*** Opening of ENTRIES SUPPLIED ***

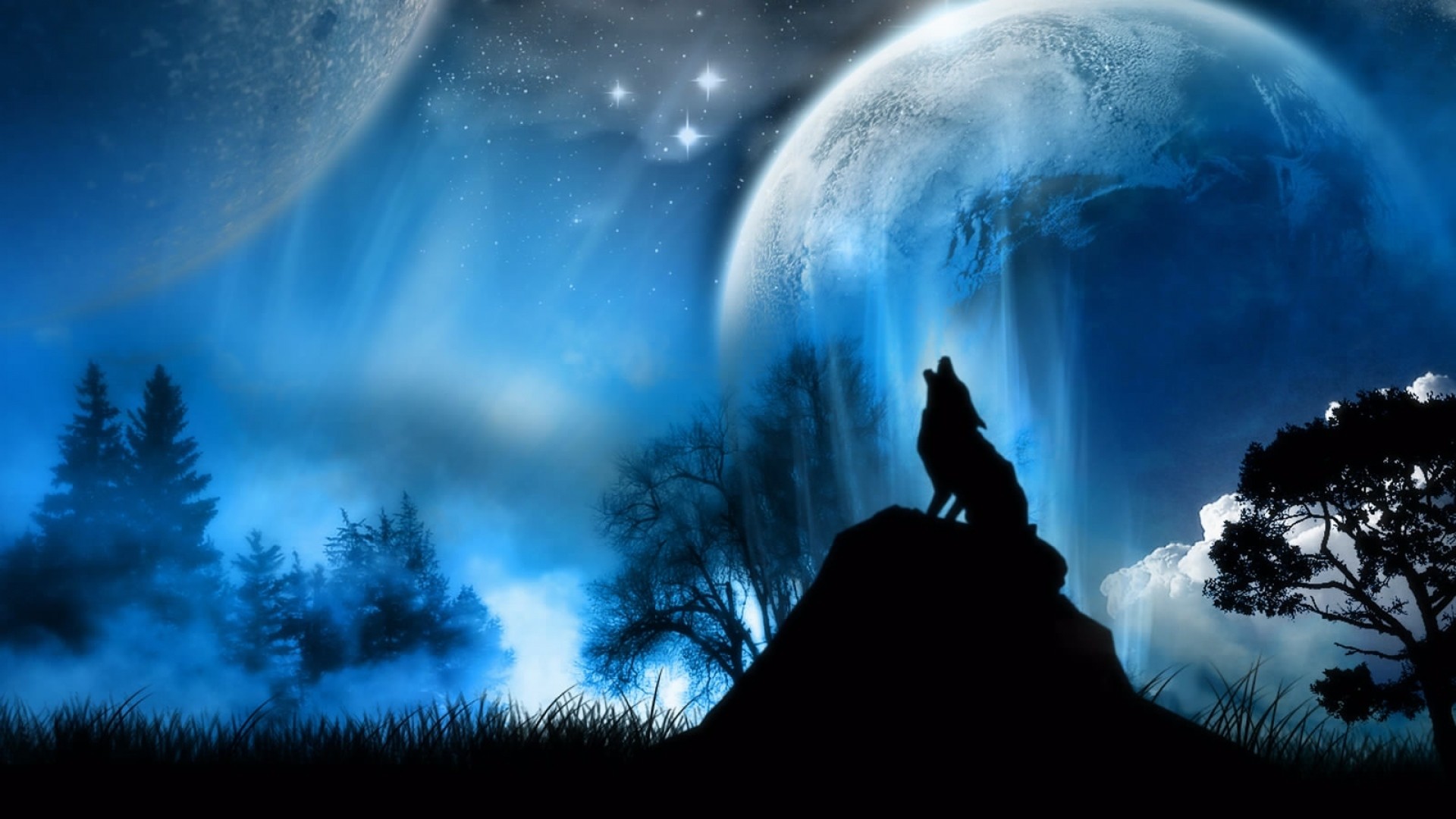 1920x1080  Wallpaper moonlight, wolf, fantasy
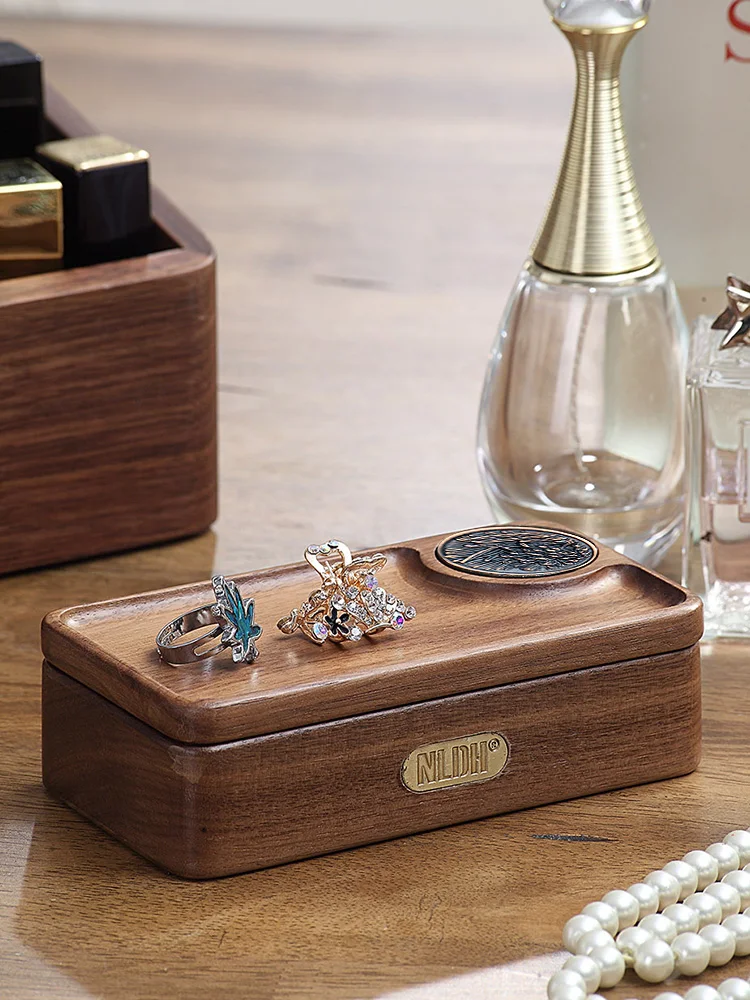 Jewelry Storage Box Earrings Earrings Necklace Ring Jewelry Box Walnut Travel Portable Solid Wood Jewelry Box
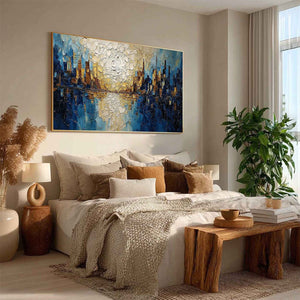 GOLDEN HORIZON: Textured Impasto Cityscape Reflection Oil Painting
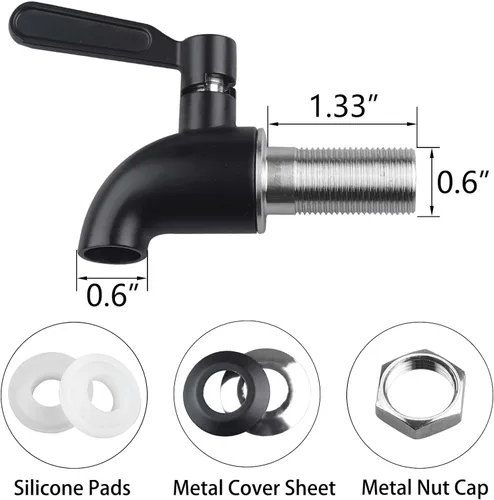Miniatura 3 de Espita de acero inoxidable moderna negra dispensador de bebidas Spigot Food Grade Metal Spot para dispensador de bebidas por MUGLIO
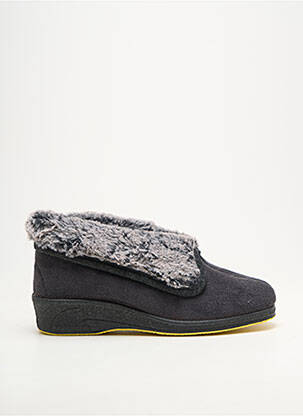 Chaussons/pantoufles semi compensé talon plat jusqu'à 3cm gris EMANUELA femme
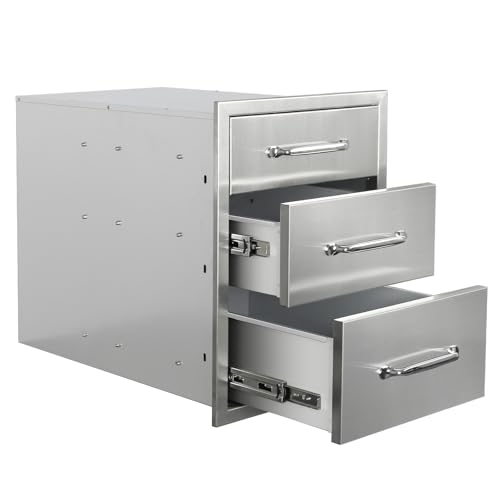 Image of Outdoor Kitchen Drawers 16 inch W x 21 inch H x 23 inch D Stainless Steel Triple Drawers with Ergonomic Handle for BBQ Island, Patio Grill Station & Outdoor Kitchen Cabinets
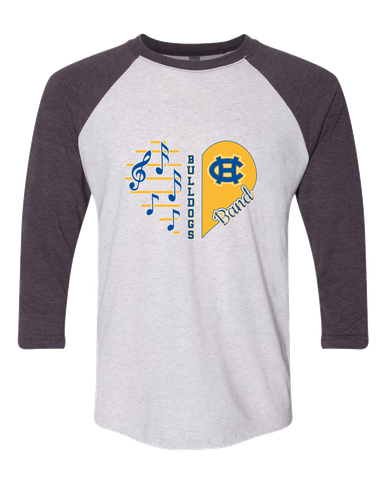 Chapel Hill Bulldogs Heart Band Women's Baseball T-Shirt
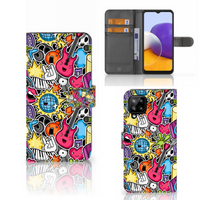 Samsung Galaxy A22 4G | M22 Wallet Case met Pasjes Punk Rock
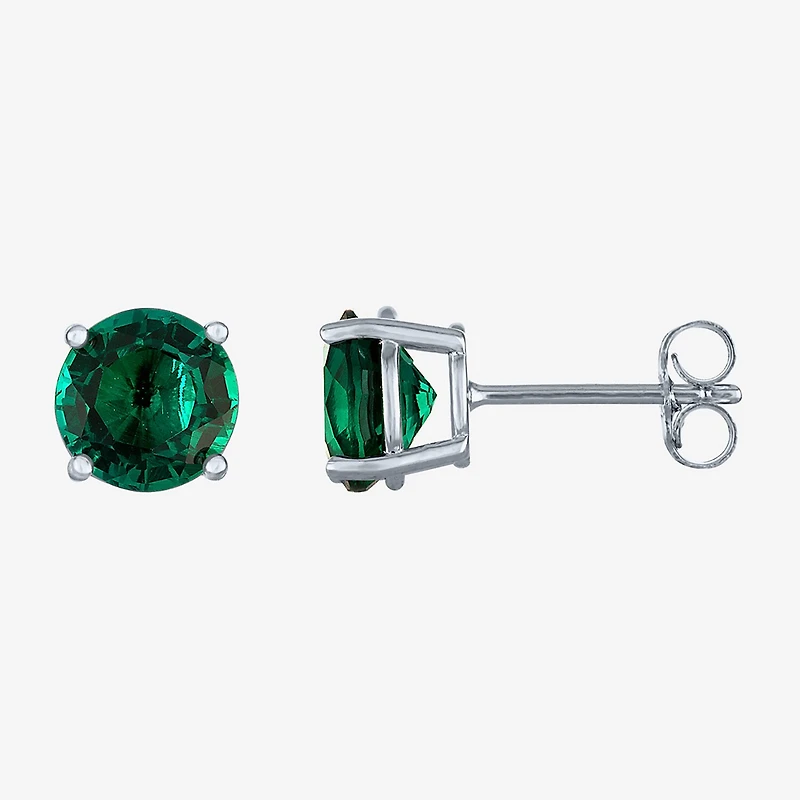 Gemstone Sterling Silver 7mm Stud Earrings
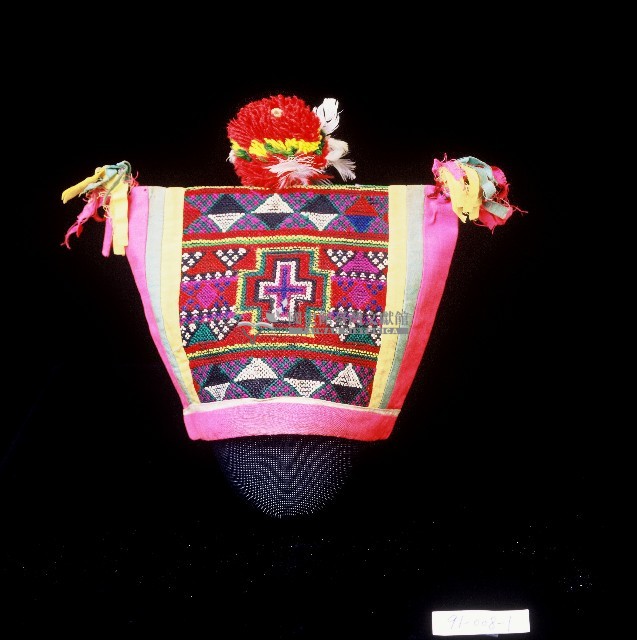 卑南族粉紅色四方男帽藏品圖，第3張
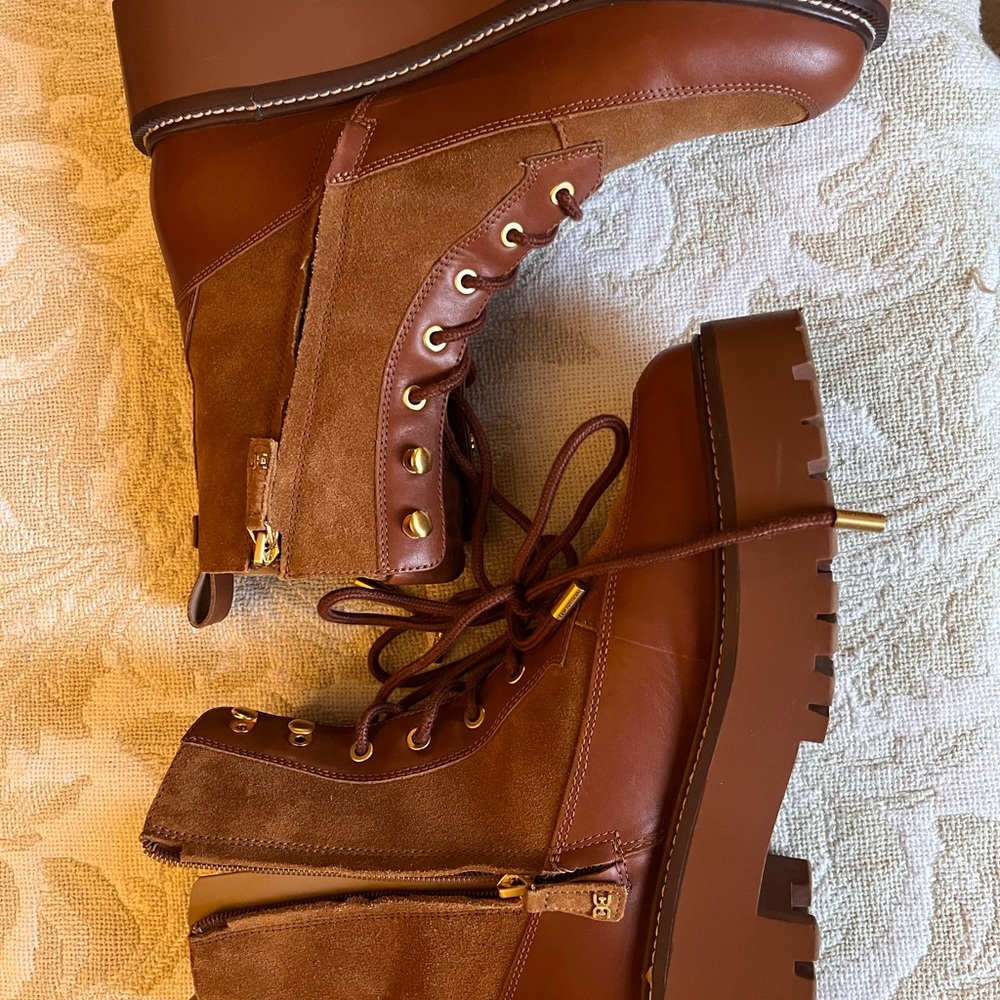Sam Edelman Elliot combat boot Brown Lace-Up and side zip platform Lug Boots. - Picture 9 of 14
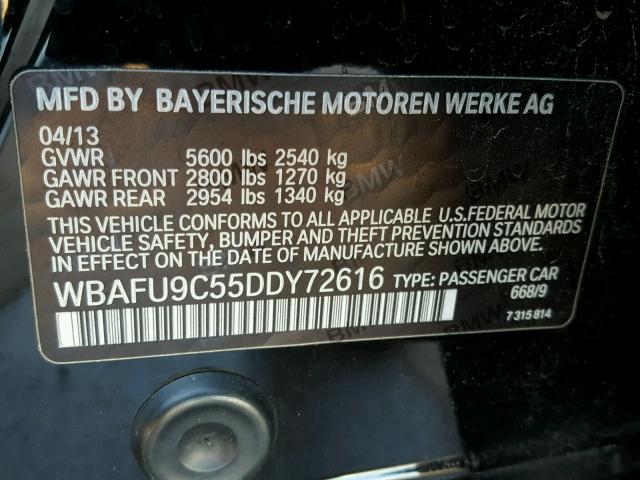 WBAFU9C55DDY72616 - 2013 BMW 550 XI BLACK photo 10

*** Close of ENTRIES SUPPLIED ***

Within the entries above, the lines from the one with "Chapel Hill Bulldogs" through the final line are to be printed exactly, with the pictures removed.

 Chapel Hill Bulldogs Heart Band Women's Baseball T-Shirt
 Samsung Galaxy A22 4G | M22 Wallet Case met Pasjes Punk Rock
 Gemstone Sterling Silver 7mm Stud Earrings
 卑南族粉紅色四方男帽藏品圖，第3張
Sam Edelman Elliot combat boot Brown Lace-Up and side zip platform Lug Boots. - Picture 9 of 14
 WBAFU9C55DDY72616 - 2013 BMW 550 XI BLACK photo 10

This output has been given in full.